## INSTRUCTIONS TO FOLLOW
Please reproduce, exactly and with nothing added, the line containing "Charm Fits pandora" and every line after it to the end of the records.

## PROVIDED DATA
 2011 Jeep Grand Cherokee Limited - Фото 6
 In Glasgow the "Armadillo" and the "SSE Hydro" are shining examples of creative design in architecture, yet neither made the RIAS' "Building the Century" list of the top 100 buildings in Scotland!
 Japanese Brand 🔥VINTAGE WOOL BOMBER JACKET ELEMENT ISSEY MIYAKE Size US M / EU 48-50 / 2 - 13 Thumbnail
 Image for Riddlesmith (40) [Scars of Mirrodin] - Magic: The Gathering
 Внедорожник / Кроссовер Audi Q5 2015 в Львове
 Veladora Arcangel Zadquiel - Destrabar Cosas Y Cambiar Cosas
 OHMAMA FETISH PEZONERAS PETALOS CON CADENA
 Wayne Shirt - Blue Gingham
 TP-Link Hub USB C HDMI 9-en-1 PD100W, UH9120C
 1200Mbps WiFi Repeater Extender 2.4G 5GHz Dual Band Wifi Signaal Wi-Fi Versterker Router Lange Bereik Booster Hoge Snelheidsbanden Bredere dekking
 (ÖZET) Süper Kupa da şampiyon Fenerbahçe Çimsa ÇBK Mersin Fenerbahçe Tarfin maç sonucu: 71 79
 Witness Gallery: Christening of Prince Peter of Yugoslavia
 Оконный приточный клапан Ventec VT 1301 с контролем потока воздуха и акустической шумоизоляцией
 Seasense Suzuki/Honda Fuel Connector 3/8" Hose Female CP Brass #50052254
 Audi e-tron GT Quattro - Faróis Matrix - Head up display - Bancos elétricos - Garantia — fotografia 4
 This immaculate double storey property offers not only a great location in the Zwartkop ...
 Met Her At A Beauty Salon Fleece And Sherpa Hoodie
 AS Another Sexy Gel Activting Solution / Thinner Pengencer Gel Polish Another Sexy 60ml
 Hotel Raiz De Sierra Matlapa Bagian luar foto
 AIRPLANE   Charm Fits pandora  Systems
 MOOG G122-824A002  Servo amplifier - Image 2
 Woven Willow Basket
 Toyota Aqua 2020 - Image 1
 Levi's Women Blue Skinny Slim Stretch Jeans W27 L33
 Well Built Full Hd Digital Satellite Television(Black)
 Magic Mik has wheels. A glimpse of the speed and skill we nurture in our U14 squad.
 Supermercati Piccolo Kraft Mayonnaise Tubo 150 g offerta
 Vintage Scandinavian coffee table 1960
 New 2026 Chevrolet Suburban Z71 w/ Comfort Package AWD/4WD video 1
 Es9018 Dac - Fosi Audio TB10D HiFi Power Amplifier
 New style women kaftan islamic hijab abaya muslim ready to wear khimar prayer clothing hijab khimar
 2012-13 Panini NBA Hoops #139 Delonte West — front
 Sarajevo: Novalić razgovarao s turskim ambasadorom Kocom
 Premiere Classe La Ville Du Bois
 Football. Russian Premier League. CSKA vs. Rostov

## SOLUTION TO THIS PROBLEM
 AIRPLANE   Charm Fits pandora  Systems
 MOOG G122-824A002  Servo amplifier - Image 2
 Woven Willow Basket
 Toyota Aqua 2020 - Image 1
 Levi's Women Blue Skinny Slim Stretch Jeans W27 L33
 Well Built Full Hd Digital Satellite Television(Black)
 Magic Mik has wheels. A glimpse of the speed and skill we nurture in our U14 squad.
 Supermercati Piccolo Kraft Mayonnaise Tubo 150 g offerta
 Vintage Scandinavian coffee table 1960
 New 2026 Chevrolet Suburban Z71 w/ Comfort Package AWD/4WD video 1
 Es9018 Dac - Fosi Audio TB10D HiFi Power Amplifier
 New style women kaftan islamic hijab abaya muslim ready to wear khimar prayer clothing hijab khimar
 2012-13 Panini NBA Hoops #139 Delonte West — front
 Sarajevo: Novalić razgovarao s turskim ambasadorom Kocom
 Premiere Classe La Ville Du Bois
 Football. Russian Premier League. CSKA vs. Rostov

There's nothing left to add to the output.